Although the growing awareness of the NSA’s expansive domestic and international surveillance program may inure you to any further notions of invasions of electronic privacy, whenever you take advantage of the free Wi-Fi perks at your local brick and mortar stores, consider that you may be awash in retailers tracking you too.  Most consumers are savvy at this point about being tracked with respect to online purchases on Amazon, for example, but they may be surprised to learn that merely using the internet on their smartphones in a store may subject them to the watchful eye of the likes of Nordstrom, and Home Depot for example.  RT.com looked at this phenomenon in its July 15 article, as did the New York Times.

Nordstrom has apparently stopped using this tracking system, which utilizes sensors, namely a product by Euclid Analytics used to “measure and optimize foot-traffic, visit duration, and repeat shopping.”  According to Euclid’s website, they market to clients ranging from fast food restaurants (so-called “QSRs” or Quick Service Restaurants), coffee shops, specialty retail stores, and department stores.  The sensors themselves are the size of a deck of cards and cover up to 24,000 square feet.  The data on the customer is generated by the pings smartphones send, including the phone’s unique media access control or MAC address, as they search for Wi-Fi networks nearby.  The site goes on to say that the company scrambles each MAC address using a one-way hashing algorithm for privacy purposes.

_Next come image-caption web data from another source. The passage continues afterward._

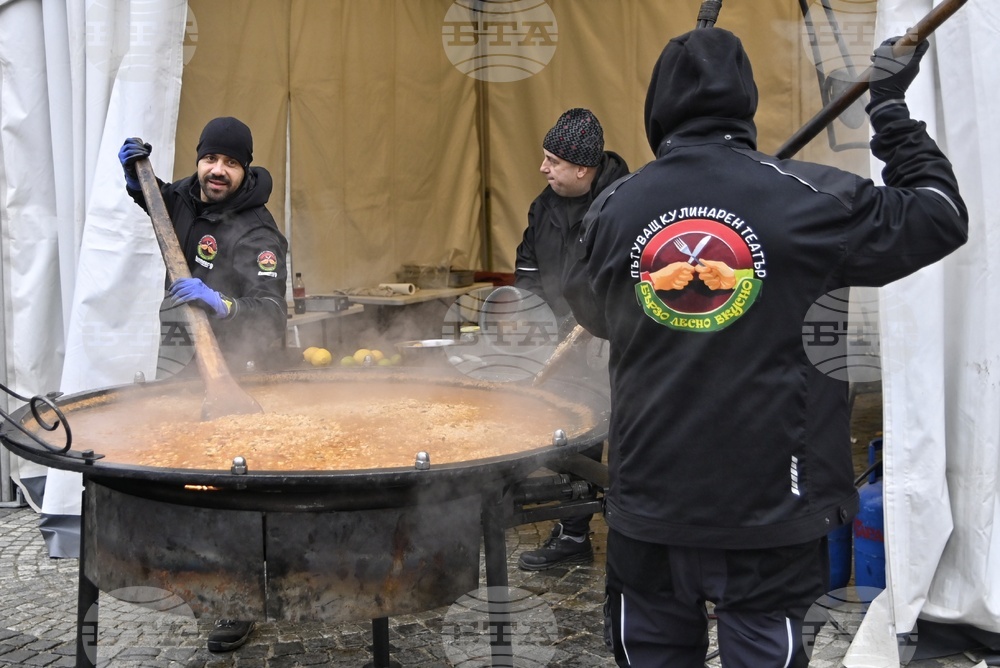 Национален рибен фест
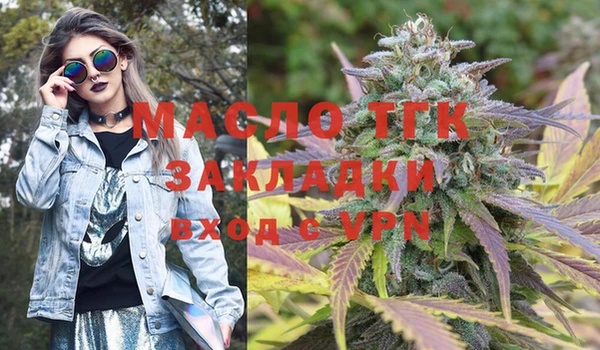 ALPHA-PVP Семикаракорск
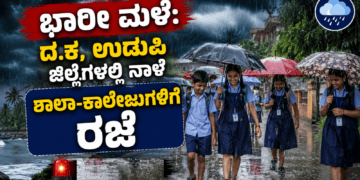ಕೈಗೊಳ್ಳಲಿರುವ (26)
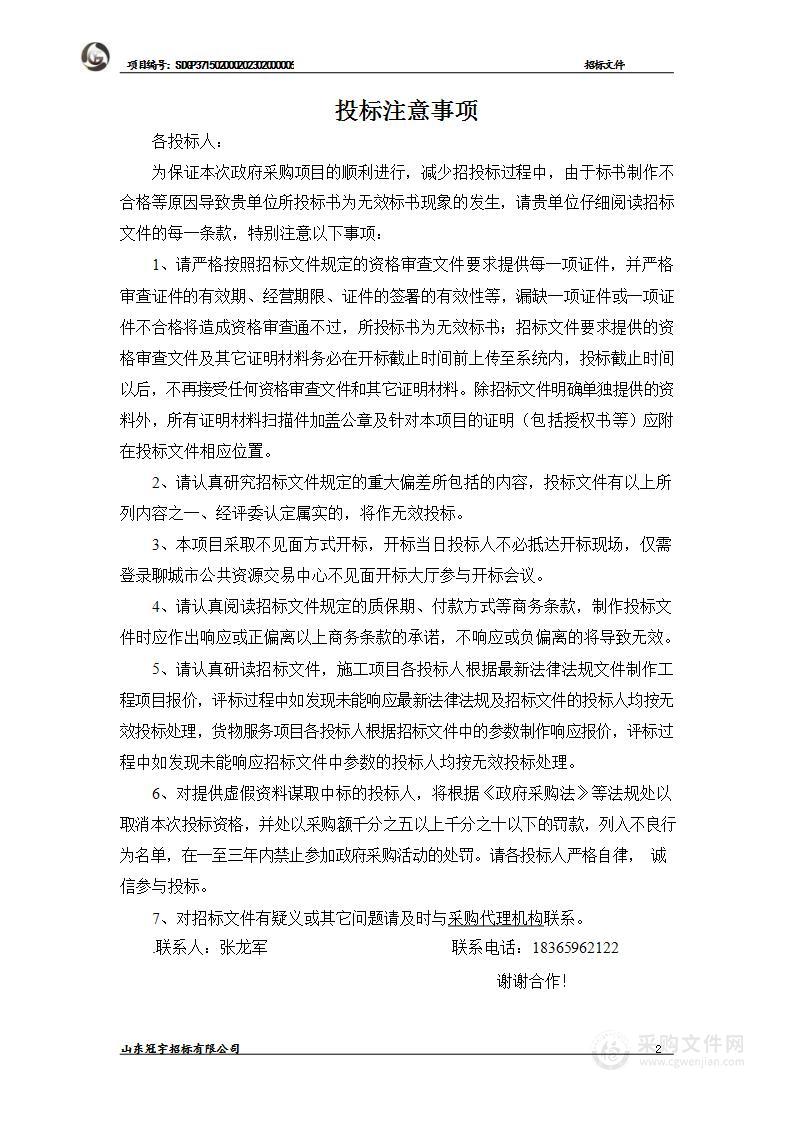 东昌府公安分局公安视频会议系统升级改造项目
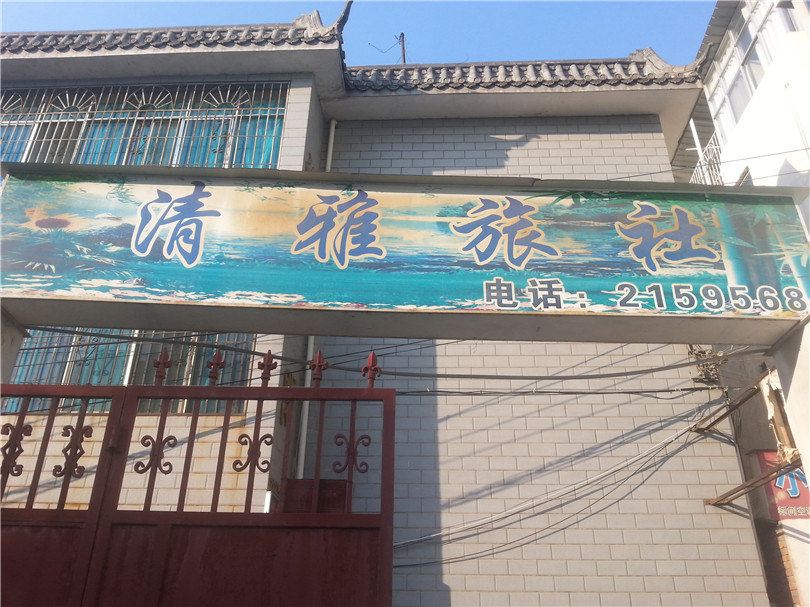 昆明清雅旅社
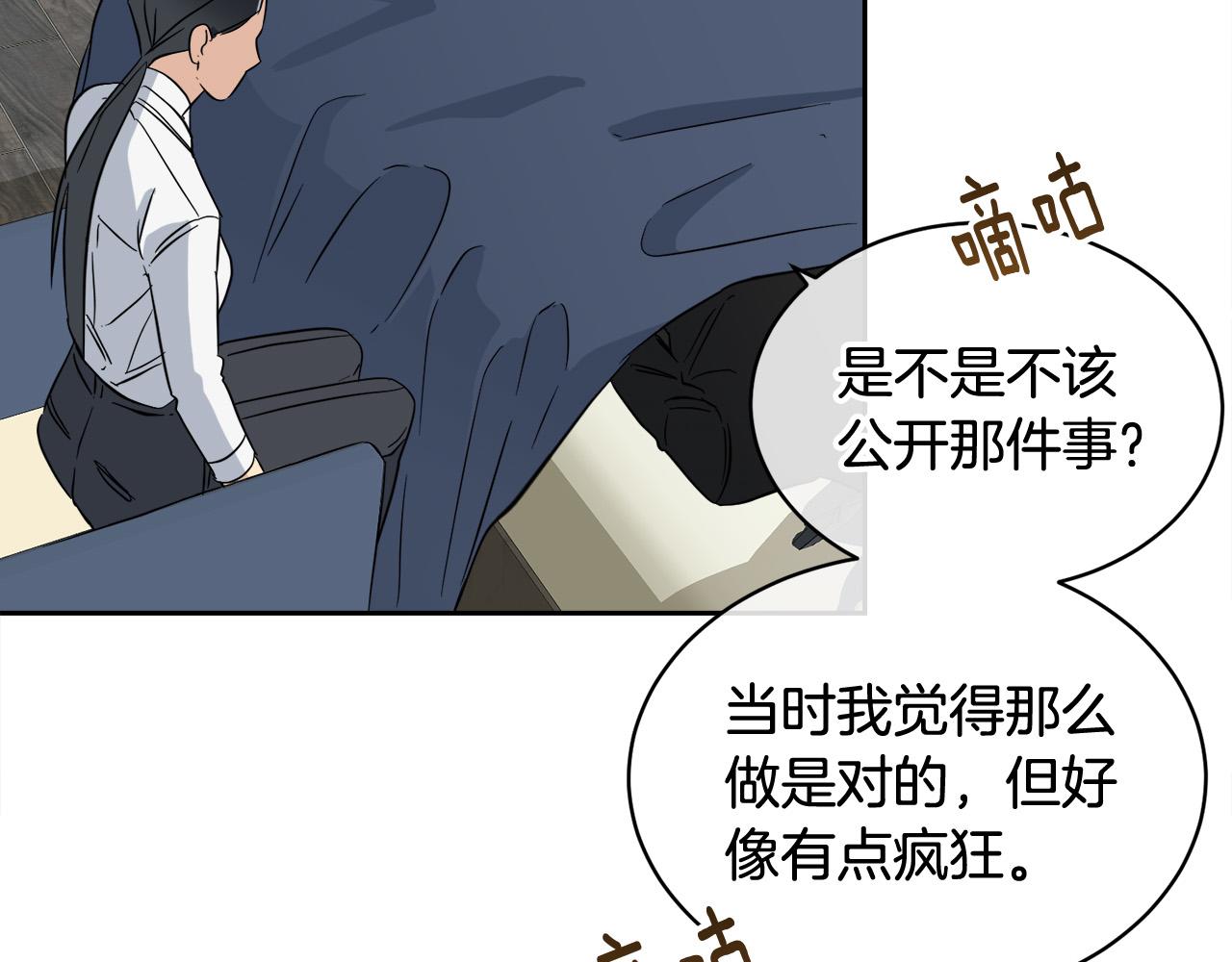 第58话 自我怀疑31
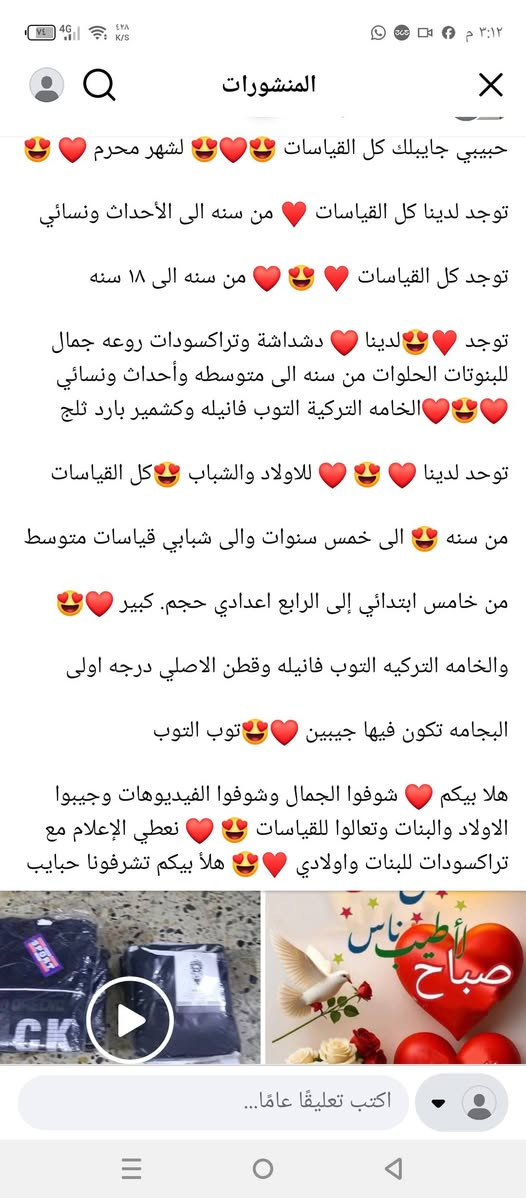 توجد لدينا ❤️ قياسات الشبح ♥️ تراكسودات نسائي روعه جمال روعه 😍❤️😍 
توجد لدينا ❤️ قياسات ♥️😍 البيبي من شهر إلى سنه 😍 

توجد لدينا ❤️ كل القياسات ♥️😍♥️😍❤️😍❤️😍


**إذا كنت صاحب هذا الإعلان وتريد حذفه لأي سبب، رجاءا أرسل رسالة إلى الدعم الفني**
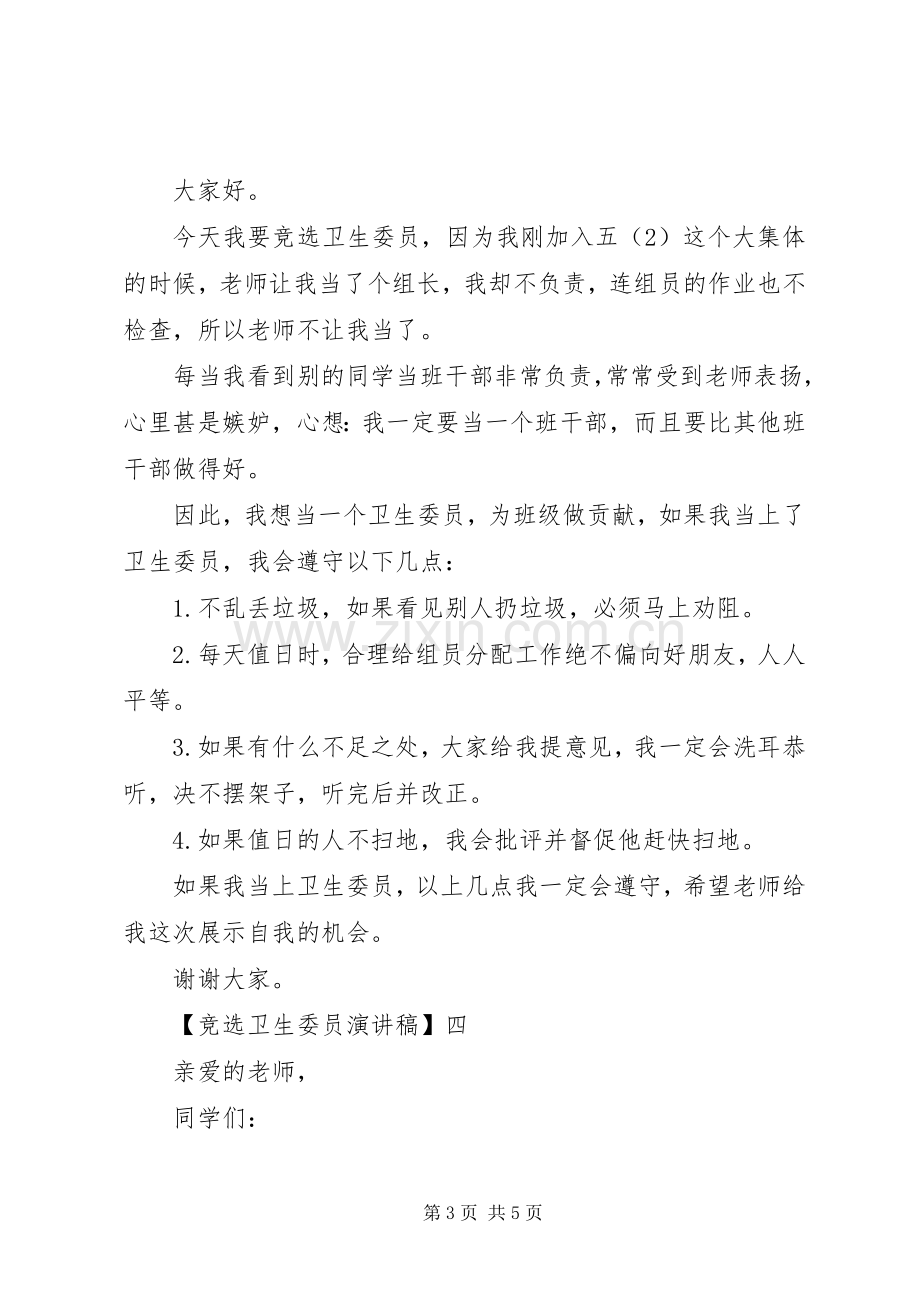 竞选卫生委员演讲稿五篇.docx_第3页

Stores who take advantage of this tool gather information about how long an individual shopper lingers in their establishment, track their number of visits to the store, and purchase history, among other details.

It’s not unusual for a cashier to request your email address at stores these days, and in that case the customer cannot be terribly surprised that not only do they get coupons and advertisements from the retailer who collects the address, but solicitations other third party sellers as well.  With smartphone tracking in stores, retailers are being even more proactive, trying to capitalize even on the seemingly passive customer that walks in their doors without making a purchase.

Is there a privacy issue here?  Does the consumer, for example have a reasonable expectation of privacy in their data, their internet surfing, their purchase history at the store, their locational data, after they join the store’s Wi-Fi network?  A consumer might have a subjective expectation that they have some privacy in these activities, but legally there is likely no reasonable expectation of privacy there as the consumer is using a third party’s server to access the internet.

Is this practice something that is also implicit in the privacy policies that some stores may have on their page when you access their Wi-Fi that the carefree consumer does not peruse before enjoying the Wi-Fi?   If the consumer knowingly consents, there would no longer be an expectation of privacy, though perhaps there is some argument that an average consumer will log on and glaze over the legalese that might bear the language forming the basis of their consent, bound by a sort of contract of adhesion in the terms of use and privacy policy they skirt as they access the network.  Looking at Euclid Analytics’ website, it seems that a person can opt-out of this tracking by entering their MAC address on their website—so by default if you are using the Wi-Fi in one of their clients’ stores, you’re on their radar.

Android Wi-Fi has faced a class action lawsuit from similar practices involving the use of its customers’ data when they use locational services, which the company supposedly went ahead and sent to Google. Perhaps the outcome of that type of case will help determine in part whether or not retailers could face losing battles in court for Wi-Fi tracking in stores.  Customers could probably feel better about this sort of tracking provided some clear notice, such as a clear display in retail store windows where such sensors are in use, and a friendly alert on your smartphone triggered by joining that retailer’s Wi-Fi network with an opt-out option as that arises.  Some simply argue that the cleanest way to opt-out is to shut off your phone and take the battery out when you frequent these stores—which, incidentally, I don’t imagine is the most attractive option for the average consumer.